De rechtbank overweegt dat voor de omvang en samenstelling van de gemeenschap als peildatum 1 oktober 2018, de datum van indiening van het verzoek tot echtscheiding, geldt. Voor de waardering geldt – voor zover de man en de vrouw niet anders overeenkomen – de datum van de feitelijke verdeling als peildatum.

Omvang

De man en de vrouw hebben de volgende vermogensbestanddelen opgevoerd die (eventueel) in de verdeling moeten worden betrokken:

  1. de echtelijke woning aan de [adres echtelijke woning] ( [plaats echtelijke woning]

  2. verzekering [naam verzekerinsgmij] ;

  3. bankrekeningen;

  4. Nissan Micra (kenteken [kenteken 1] );

  5. Nissan Micra (kenteken [kenteken 2] ;

  6. inboedel echtelijke woning;

  7. inboedel huurwoning;

  8. recreatieplek [adres recreatieplek] te [plaatsnaam recreatieplek] ;

  9. aandelen in [bedrijfsnaam 1] B.V.;

  10. lijfrentes.

Hiernaast hebben partijen gesteld dat de volgende schulden in de gemeenschap vallen:

de hypothecaire geldlening verbonden aan de echtelijke woning;

rekening-courant schuld;

geldlening (bij de B.V.) i.v.m. financiering echtelijke woning;

geldlening (bij de B.V.) i.v.m. financiering recreatieplek;

belastingaanslagen 2017 en 2018.

De echtelijke woning, de hypothecaire geldlening en de geldlening bij de B.V.

De man en de vrouw zijn het erover eens dat de echtelijke woning moet worden verkocht.
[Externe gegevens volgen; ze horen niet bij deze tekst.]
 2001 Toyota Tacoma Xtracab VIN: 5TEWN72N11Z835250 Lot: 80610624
Partijen hebben tijdens de zitting afgesproken dat zij zich tot [naam makelaarskantoor] zullen wenden om gezamenlijk een opdracht tot verkoop te verstrekken. De rechtbank gaat ervan uit dat beide partijen hun medewerking zullen verlenen aan de voor de verkoop noodzakelijke handelingen en dat zij de adviezen van de makelaar hierbij zullen volgen. De rechtbank ziet geen aanleiding om – zoals de vrouw wenst – te bepalen dat de vrouw tot zes maanden na inschrijving van de echtscheidingsbeschikking in de registers van de burgerlijke stand in de echtelijke woning mag blijven wonen. De rechtbank acht het in het belang van beide partijen dat zij voortvarend te werk gaan bij de verkoop van de echtelijke woning. Daartoe overweegt de rechtbank dat zij voor de feitelijke verdeling over liquide middelen moeten kunnen beschikken. Dit betekent dat de vrouw in de echtelijke woning kan blijven wonen tot de woning is verkocht en geleverd aan een derde, waartegen de man bovendien geen bezwaar heeft.
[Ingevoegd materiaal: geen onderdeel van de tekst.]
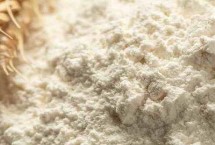 低筋面粉和高筋面粉的区别 颜色、手感和用途均不同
Partijen moeten bij verkoop en levering van de woning aan een derde de hypothecaire geldlening bij Florius ( [rekeningnummer 7] en [rekeningnummer 6] ) van € 274.236,55 en de lening bij [bedrijfsnaam 1] B.V. (lening u/g [Y] ( [adres echtelijke woning] ) van € 103.476,- aflossen. Zij zullen hiervoor de verkoopopbrengst moeten aanwenden. Partijen zijn vervolgens ieder voor de helft gerechtigd tot de resterende overwaarde (te weten de verkoopopbrengst minus de verkoopkosten en minus voornoemde (hypothecaire) leningen).

De verzekering bij [naam verzekerinsgmij]

De rechtbank begrijpt uit hetgeen tijdens de zitting is besproken dat – voor zover de verzekering bij [naam verzekerinsgmij] op de peildatum 1 oktober 2018 bestond – partijen de eventuele waarde opbouw van die polis bij helfte met elkaar zullen delen. De rechtbank zal daarom bepalen dat de verzekering bij [naam verzekerinsgmij] – voor zover bestaand op de peildatum – wordt toegedeeld aan de man, waarbij hij de eventuele contante waarde bij helfte aan de vrouw moet betalen. De rechtbank ziet geen aanleiding om, zoals door de vrouw tijdens de zitting aangevoerd, de man te veroordelen op straffe van een dwangsom stukken met betrekking tot deze verzekering over te leggen. De rechtbank gaat ervan uit dat, indien deze verzekering op de peildatum daadwerkelijk bestond, de man de vrouw inzage zal geven in de waarde.

De bankrekeningen

De rechtbank zal bepalen dat de vrouw de op haar naam staande rekening bij de [naam bank] ( [rekeningnummer 1] ) toegedeeld krijgt en dat de man de op zijn naam staande rekening bij de [naam bank] ( [rekeningnummer 2] ) toegedeeld krijgt. De saldi van voornoemde rekeningen zullen partijen per peildatum 1 oktober 2018 bij helfte met elkaar delen. De rechtbank zal ten aanzien van de gezamenlijke (en/of) rekening bij de [naam bank] ( [rekeningnummer 3] ) bepalen dat partijen het saldo per peildatum 1 oktober 2018 bij helfte moeten delen, waarna zij deze rekening zullen opheffen.

De auto’s

De Nissan Micra met kenteken [kenteken 2] wordt overeenkomstig de afspraken tussen partijen toegedeeld aan de man. De rechtbank zal – gelet op de standpunten van partijen en om kosten van een taxatie te voorkomen – de waarde schatten op € 1.500,-. De man dient de helft van dit bedrag aan de vrouw te voldoen.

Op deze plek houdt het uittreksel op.